Exercise instructions: Leave out the images; return the rest of the data exactly.

Data section:
[Start of section]

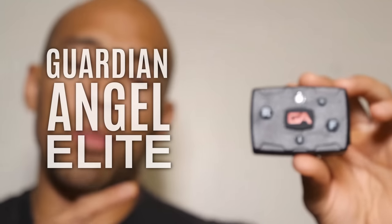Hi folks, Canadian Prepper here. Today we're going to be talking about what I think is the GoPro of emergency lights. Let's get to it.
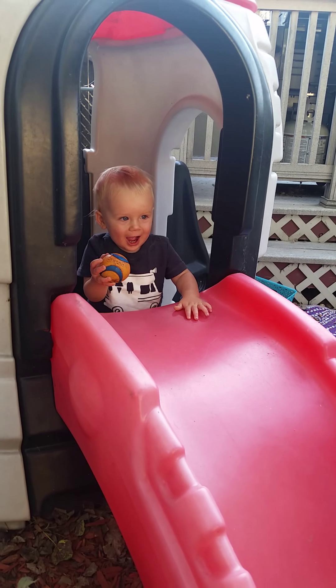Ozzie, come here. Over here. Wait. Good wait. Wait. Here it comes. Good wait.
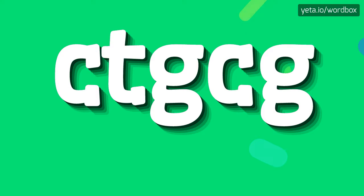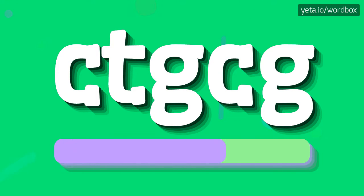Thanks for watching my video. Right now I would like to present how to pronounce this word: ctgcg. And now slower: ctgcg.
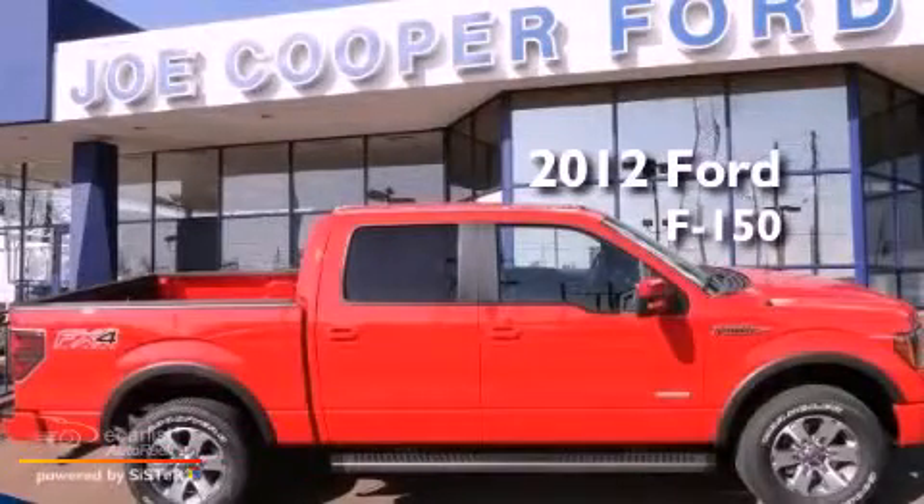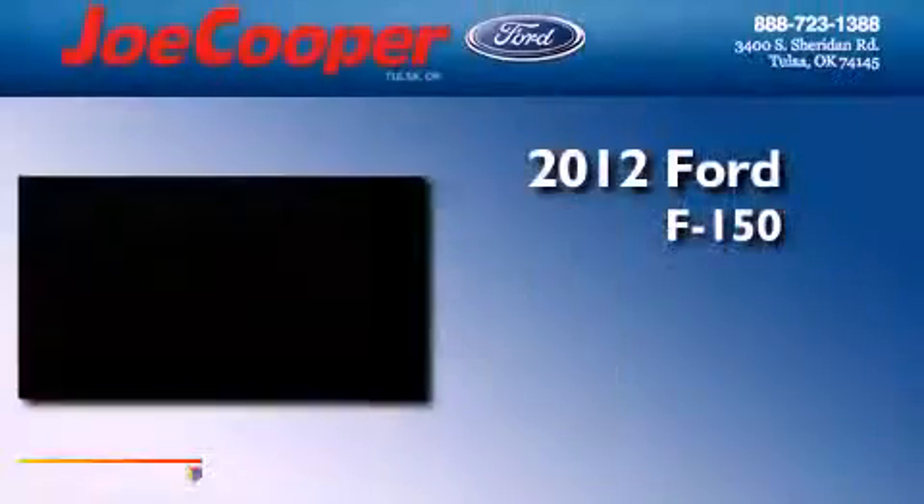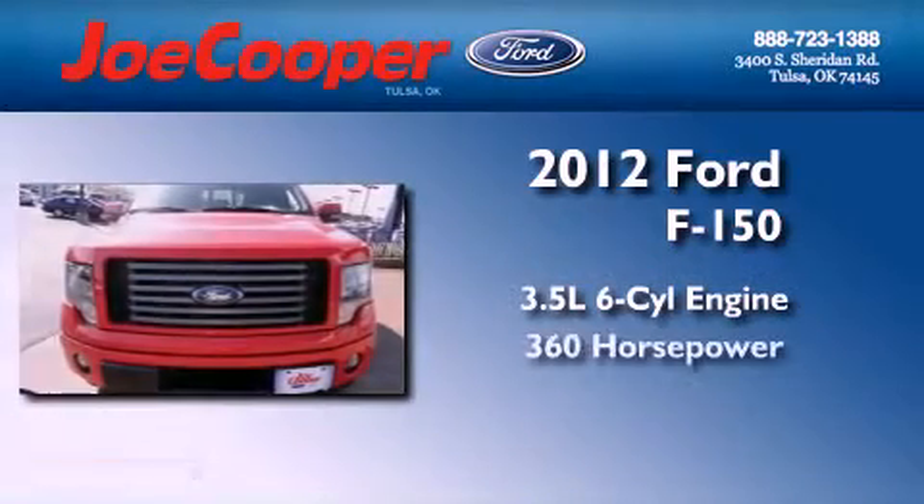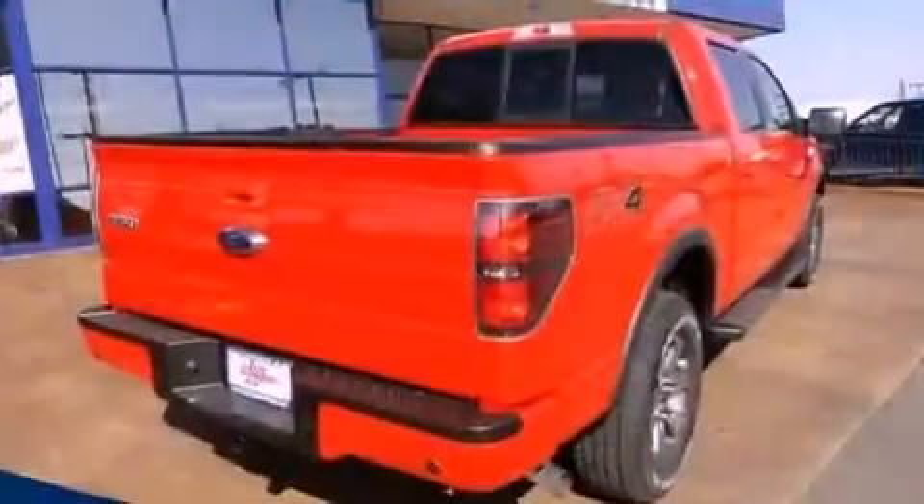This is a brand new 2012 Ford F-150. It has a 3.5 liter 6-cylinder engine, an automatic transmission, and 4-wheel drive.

[End of section]

Written solution:
Hi folks, Canadian Prepper here. Today we're going to be talking about what I think is the GoPro of emergency lights. Let's get to it.
Ozzie, come here. Over here. Wait. Good wait. Wait. Here it comes. Good wait.
Thanks for watching my video. Right now I would like to present how to pronounce this word: ctgcg. And now slower: ctgcg.
This is a brand new 2012 Ford F-150. It has a 3.5 liter 6-cylinder engine, an automatic transmission, and 4-wheel drive.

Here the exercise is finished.